If your competitors have been advertising for many months in a specific media, their ads are probably working. Ride the coattails of their media research to increased visibility by placing your ads in the same media. Doing so will reduce some of the trial and error associated with finding the right advertising media. It will also put your product’s benefits and features where your competitors’ prospects will see them before they make a purchase decision.

6. Decide on the purpose of your ad

The purpose of any ad is to sell. But there are different things you can “sell” in an ad. An ad may be used to get orders, to get sales leads, to provide information, to get people to visit your store, or just to get name recognition.
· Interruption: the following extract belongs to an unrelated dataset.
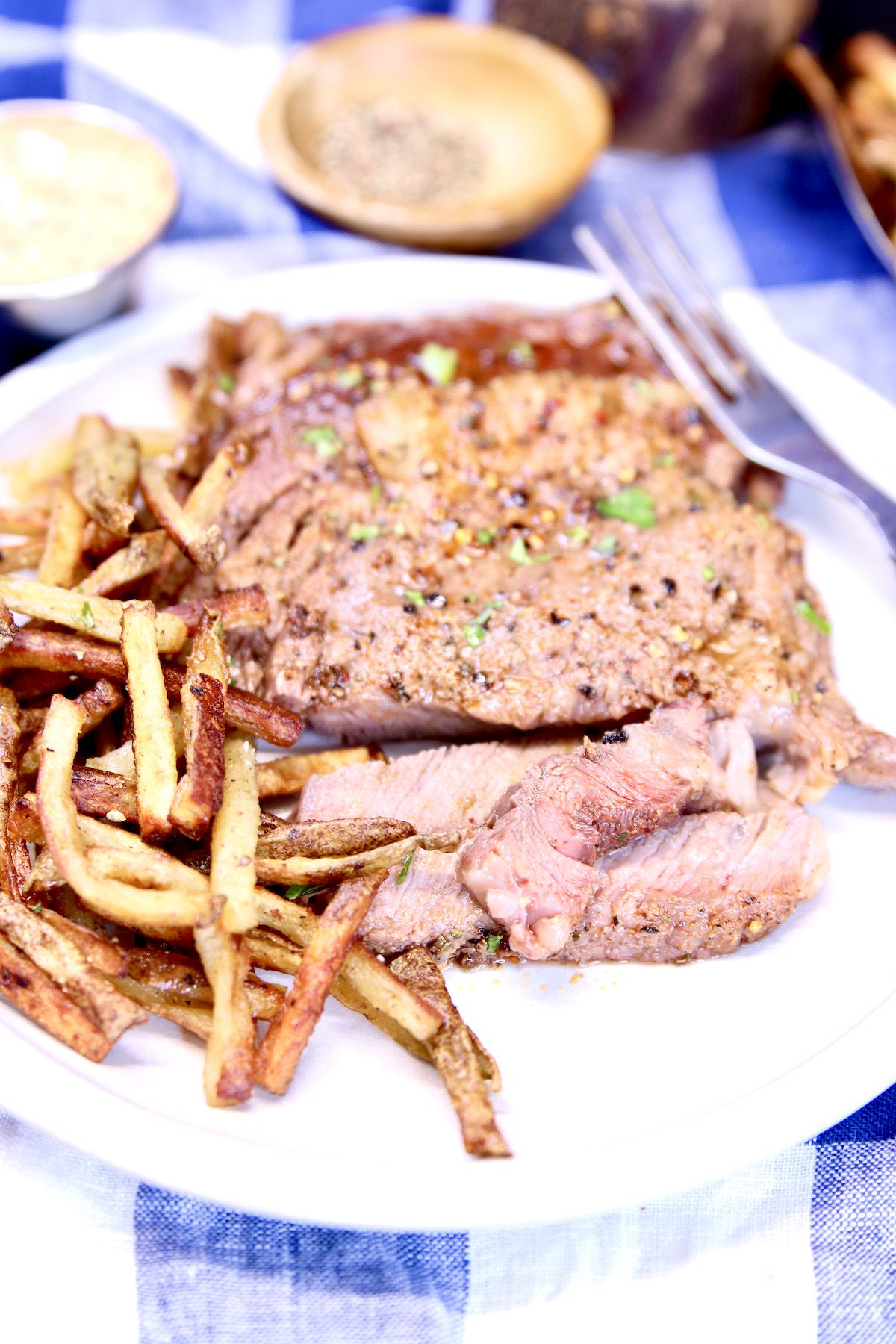 ribeye steak partially sliced on a plate with fries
To get the most mileage out of your ads, make sure you know what your objective is before you write and place them.

7. Write with the prospects’ interests in mind, not your own

Eliminate from your copy all phrases such as “We are proud to announce.” Most of your customers won’t really care what you are proud about. They want to know how you can make them feel proud about something, or how you can help them solve a problem or fill a need.

Related: 13 Ways to Improve Your Sales Brochures

8. Start small

Don’t blow your entire advertising budget on one big ad campaign. Start with small, limited budget campaigns and test your ads to see which ads work, and which media work for you. Advertising that doesn’t work on the local radio station, might work well online. Similarly, a change in a headline, in a print ad, or the addition of a keyword in search ads, might turn a non-productive ad into one gets leads and customers. Keep track of responses to determine what works, and what doesn’t.

9. Test and Measure

Advertising isn’t a once and done thing. A single ad or advertising method isn’t your ticket to success. To make advertising work for your small business you need to test your ads and measure the results. The headline you think is clever may not appeal to your customers. The buy one, get one half price offer coupon you send out might not be as effective as sending out a 25% off everything coupon. But you’ll never know if you don’t test your ad headlines, copy and offers and measure the results.

Related: How to Promote Your Business

© 2018 Janet Attard Adapted from her book, Business Know-How; An operational guide for home-based and micro-sized businesses with limited budgets. All rights reserved. May not be reprinted or republished without permission from the author.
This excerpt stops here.